Cette préoccupation fait écho aux conclusions d’un controversé rapport publié fin avril 2025 du Timbuktu Institute, qui évoque des tentatives d’infiltration au Sénégal par le Groupe de soutien à l’islam et aux musulmans (GSIM), actif dans le Sahel. Toutefois, la question de l’extrémisme violent est un sujet pris en charge « au plus haut niveau » de l’Etat, a rassuré le général Diémé.
Monopole sécuritaire ?
Pour Caroline Hauptmann, représentante résidente de la FKA au Sénégal et en Gambie, le programme incarne une vision nouvelle de la gouvernance sécuritaire. « Ce n’est plus seulement l’Etat qui détient le monopole de la sécurité. Les collectivités territoriales sont désormais des piliers de cette architecture », a-t-elle fait remarquer.

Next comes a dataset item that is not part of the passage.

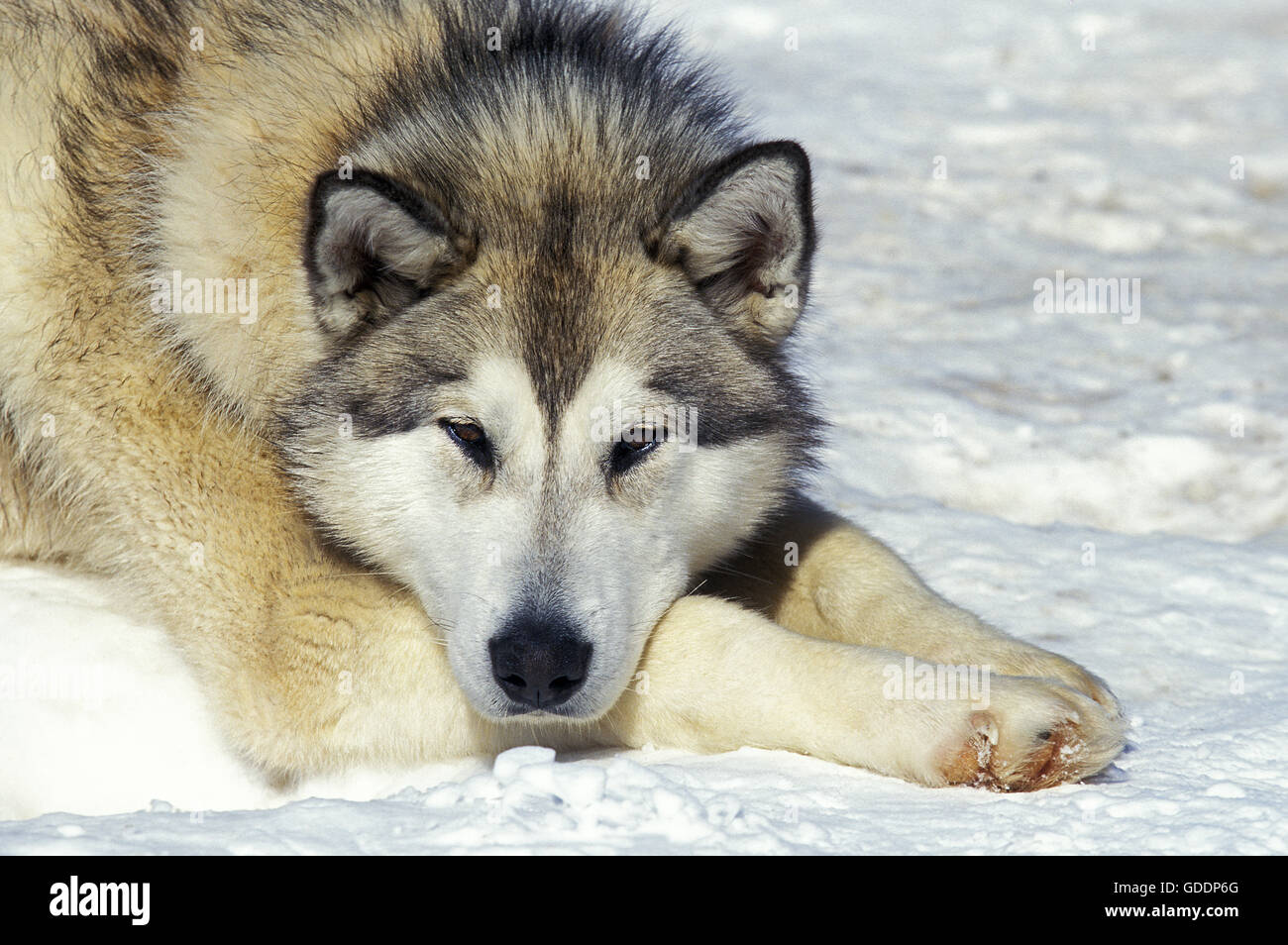 Husky de Sibérie, reposant sur la neige Adultes Banque D'Images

Mme Hauptmann a salué la collaboration « fondée sur la confiance mutuelle » entre son organisation et le CHEDS, initiée depuis 2018, tout en rappelant que la FKA œuvre à la création d’espaces de dialogue fondés sur les valeurs de paix, de solidarité et de décentralisation.
Le séminaire a mis en lumière plusieurs recommandations majeures issues des ateliers régionaux, allant du renforcement des capacités humaines, matérielles et financières des collectivités territoriales à l’intégration des enjeux sécuritaires dans les plans locaux de développement, en passant par l’implication active des populations dans les dispositifs de prévention et d’alerte.
Dr Niang a souligné dans ce cadre que « la sécurité est une construction sociale reposant sur des dynamiques multiples » et que sa consolidation passe par la responsabilisation de tous les acteurs locaux.
Les discussions, qui seront clôturées mercredi 21 mai, permettront d’enrichir le rapport final du PCTDSP et de tracer les perspectives d’une nouvelle phase du programme, dans l’optique d’ensemble de « co-production de la sécurité » des territoires, selon le mot d’ordre du CHEDS et de ses partenaires.